Laity as Ecclesial Margins!
It was fascinating for me to read how the Methodist movement in the USA initially was a fully-fledged mission led by the laity as a lay mission movement! According to Ruth Daugherty through her work The Missionary Spirit: The History of Mission of the Methodist Protestant Church, 1830-1939 (2004), mission began in the colonies by lay persons, and it was through their support and their endeavors that mission continues as a focus. “Methodism was lay evangelism in successful action” (page 7). How could the Methodist movement in the USA engage in a serious reflective practice on reappraisal of core ministries and mission of the laity? How can the church listen to the spirit of the margins within the church, especially to the marginalized laity, and leverage their gifts more holistically in the mission of the church? Methodism was a movement from the margins started in England. Wesley was chosen by God to be the key instrument in that. It was like the Jesus movement that emerged from the margins of the Galilean sea shores. It was a mission driven community of the margins that changed the world! The Holy Spirit has empowered the margins for the world!

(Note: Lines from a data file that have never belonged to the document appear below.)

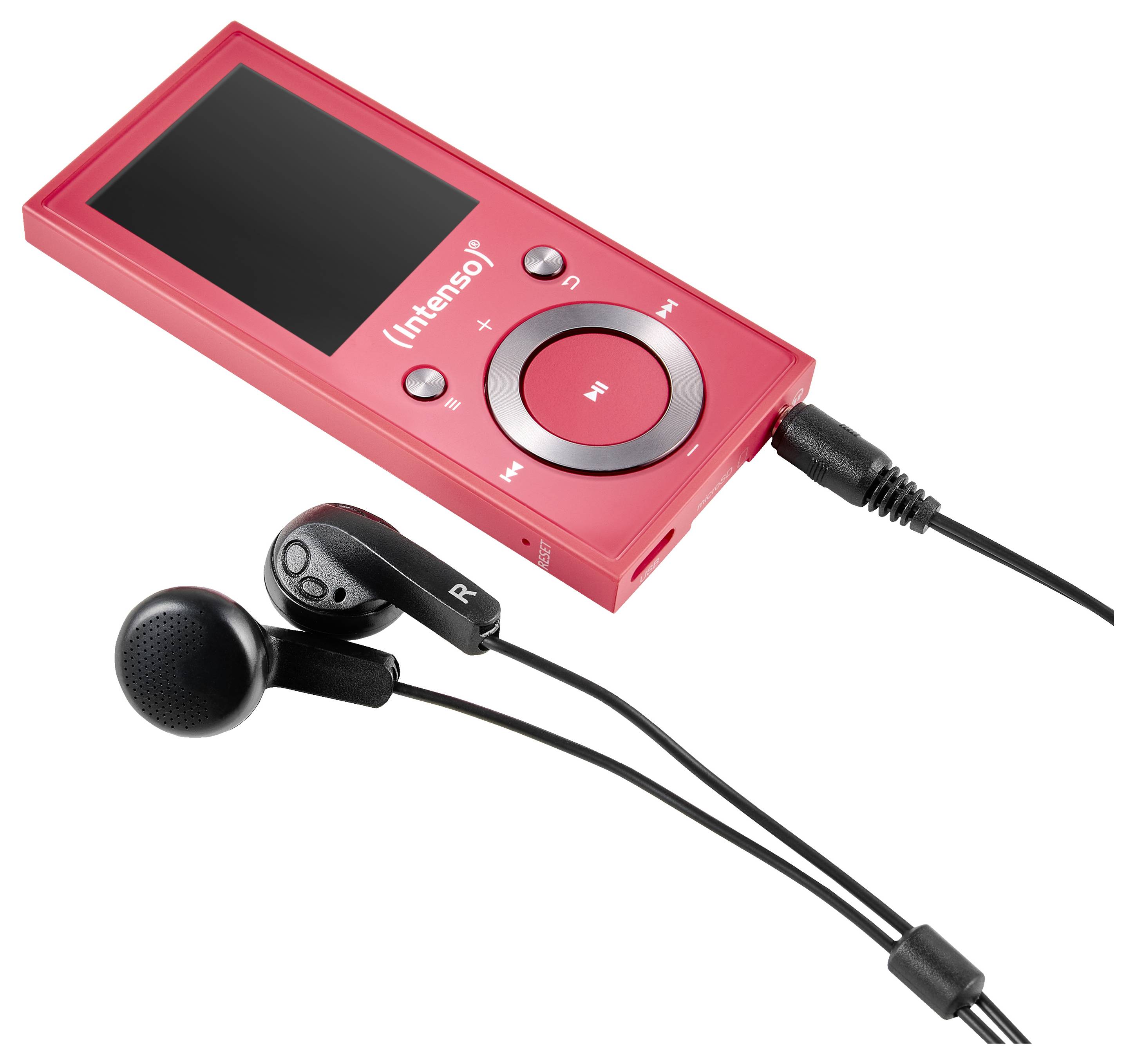 Ein roter MP3-Player mit Display und Bedienungstasten, der mit schwarzen Kopfhörern mit Kabel verbunden ist.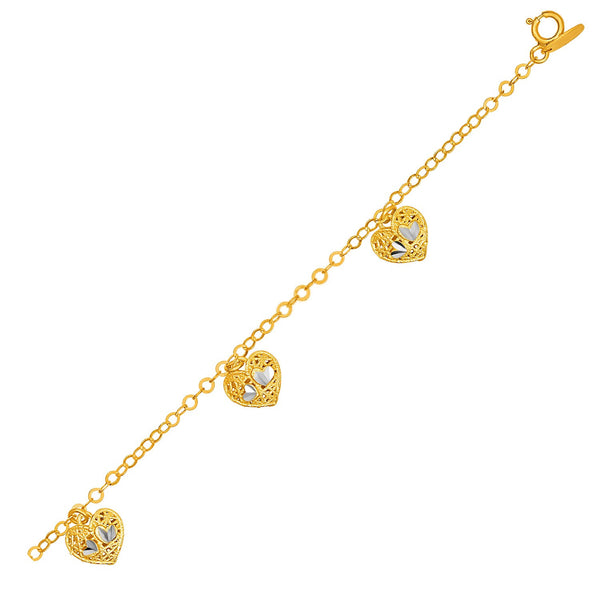 14K Yellow Gold Bracelet with Filigree Style Hearts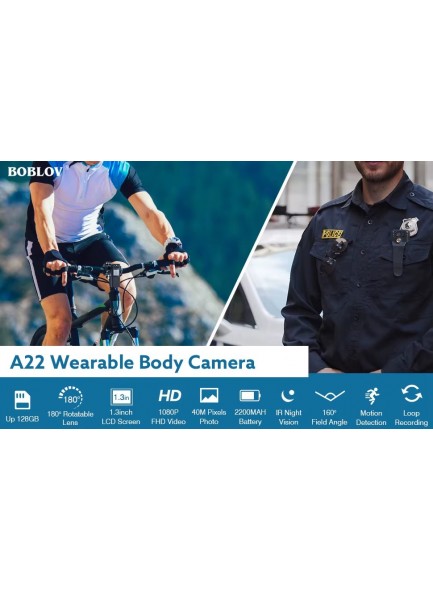 BOBLOV A22 HD מצלמת גוף לשוטרים ואנשי ביטחון עם ראיית לילה וזיהוי תנועה *זמין במלאי*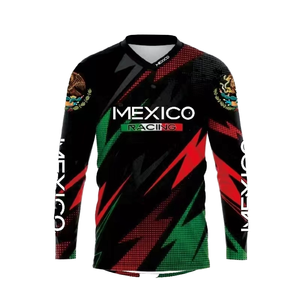 Maillot de sport unisexe respirant en % polyester pour moto, VTT, MX, BMX, descente, motocross, moto - Mexique USA - Product Image 1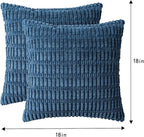 Aegero Pack of 2 Corduroy Decorative Throw Pillow Covers 18x18 InchSoft Boho - Image 7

As the Methodist mission in the USA is embarking on her bicentennial celebration 2019 let us ask the fowling spirit-searching questions:
  • Are we ready to apply and practice “Mission from the Margins” by listening to the Holy Spirit?
  • Are we prepared to engage genuinely with the global margins in world Christianities?
  • Are we ready to be transformed by mission from the margins in pastoral engagement with the world?

The global church is not just a structure but a beloved community of the disciples of Christ that practices costly hospitality in mission; so any mission conversation on theologies from the margins will be incomplete without changing and transforming the margins themselves, not by dragging margins to the centers, but by mutual transformation of both centers and margins into a beloved and just Ubuntu community – The Body of Christ, which will always be a blessed community by being poor in spirit!